### Exercise requirements
Each line below is to be copied exactly; images do not go into the copy.
BEGIN Data for the task
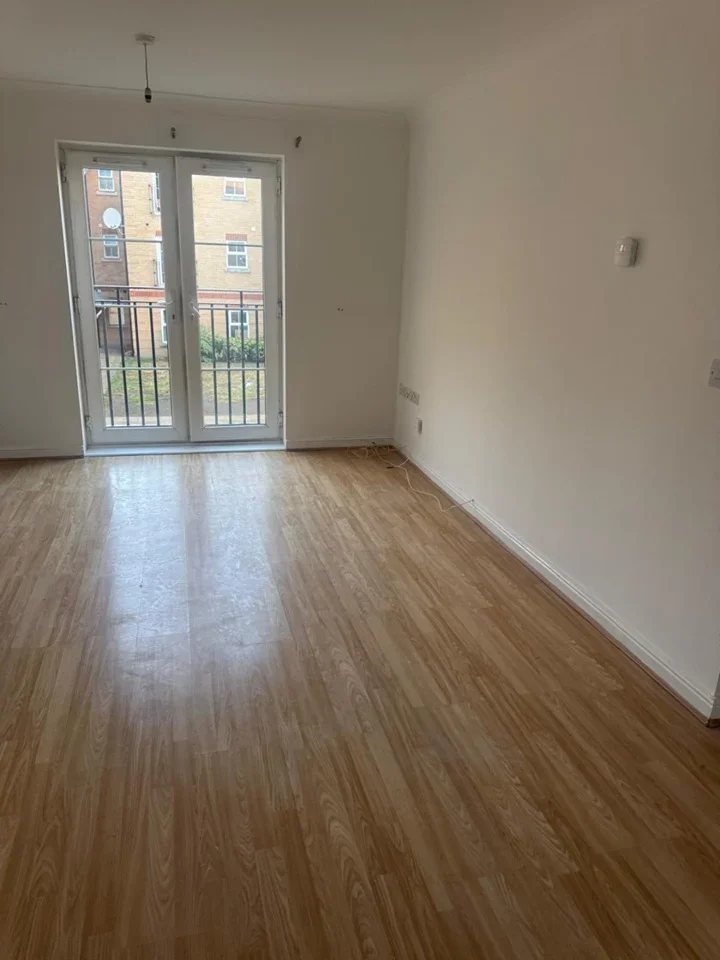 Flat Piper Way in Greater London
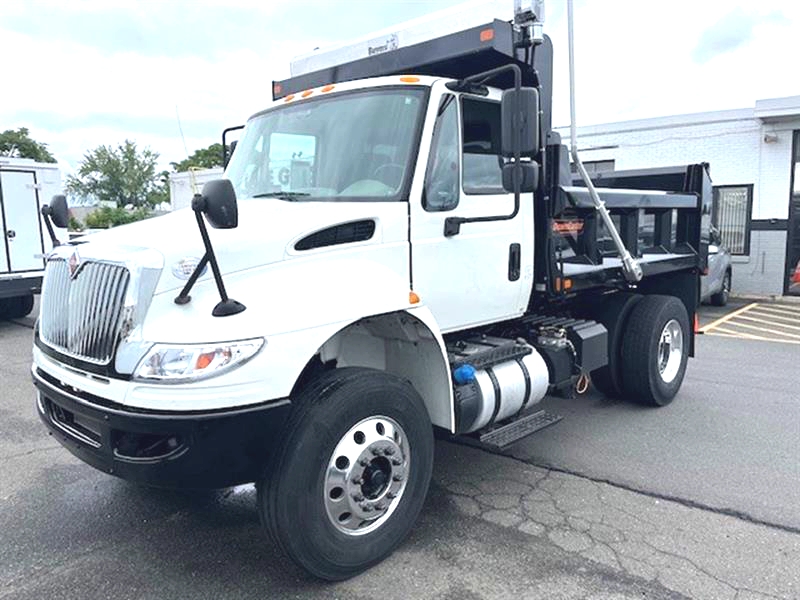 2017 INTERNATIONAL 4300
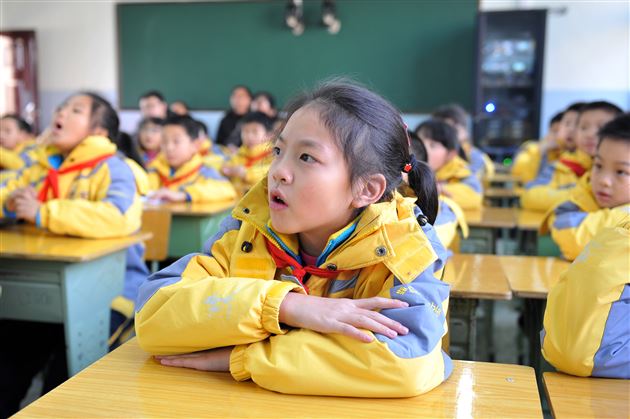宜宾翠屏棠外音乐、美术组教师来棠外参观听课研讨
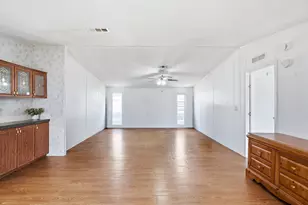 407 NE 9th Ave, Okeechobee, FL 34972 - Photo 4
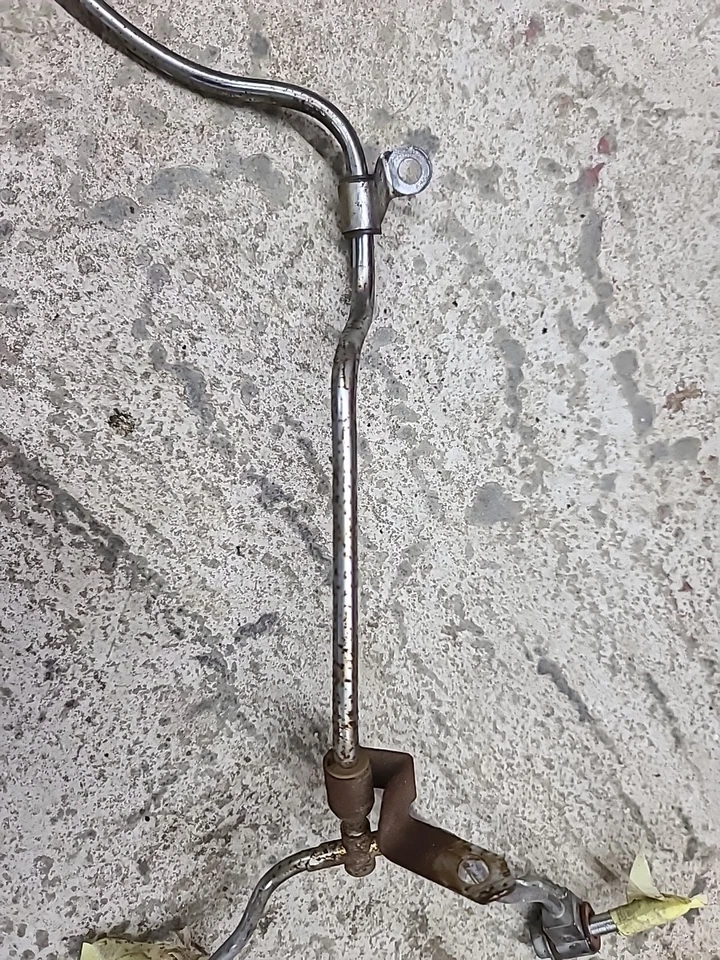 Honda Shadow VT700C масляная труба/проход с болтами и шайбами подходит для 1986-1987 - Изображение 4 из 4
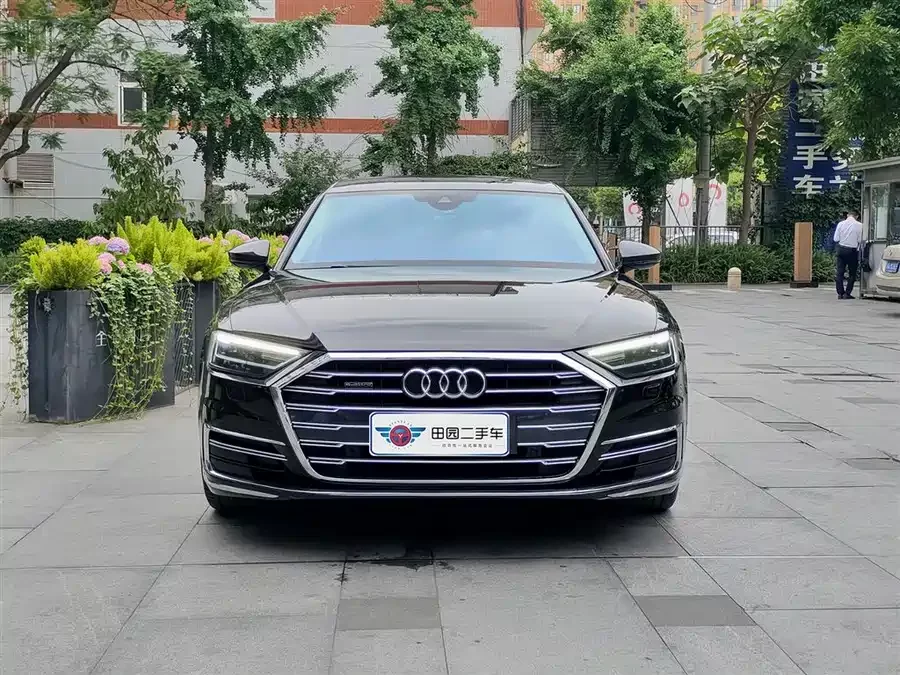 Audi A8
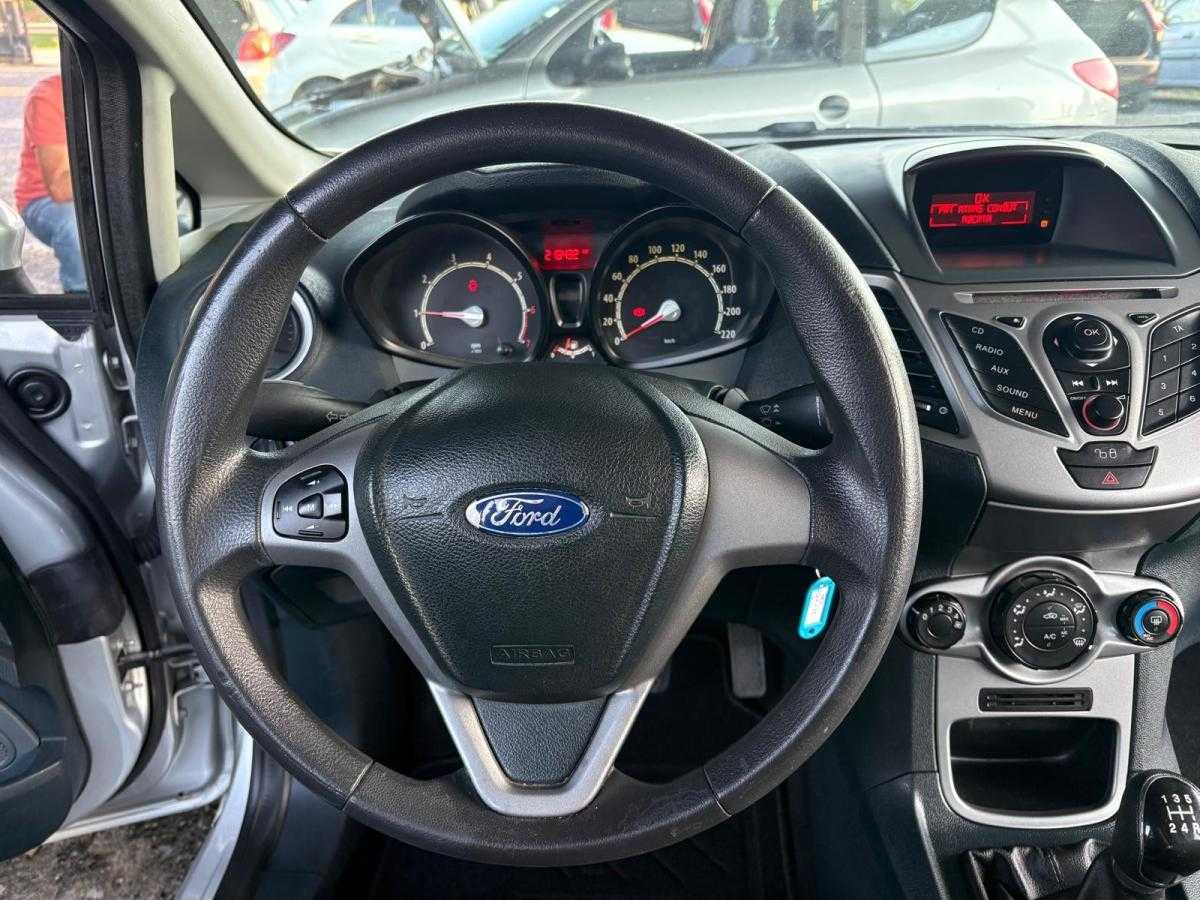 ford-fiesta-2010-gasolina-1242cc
END Data for the task
### Written answer
 Flat Piper Way in Greater London
 2017 INTERNATIONAL 4300
宜宾翠屏棠外音乐、美术组教师来棠外参观听课研讨
 407 NE 9th Ave, Okeechobee, FL 34972 - Photo 4
 Honda Shadow VT700C масляная труба/проход с болтами и шайбами подходит для 1986-1987 - Изображение 4 из 4
 Audi A8
 ford-fiesta-2010-gasolina-1242cc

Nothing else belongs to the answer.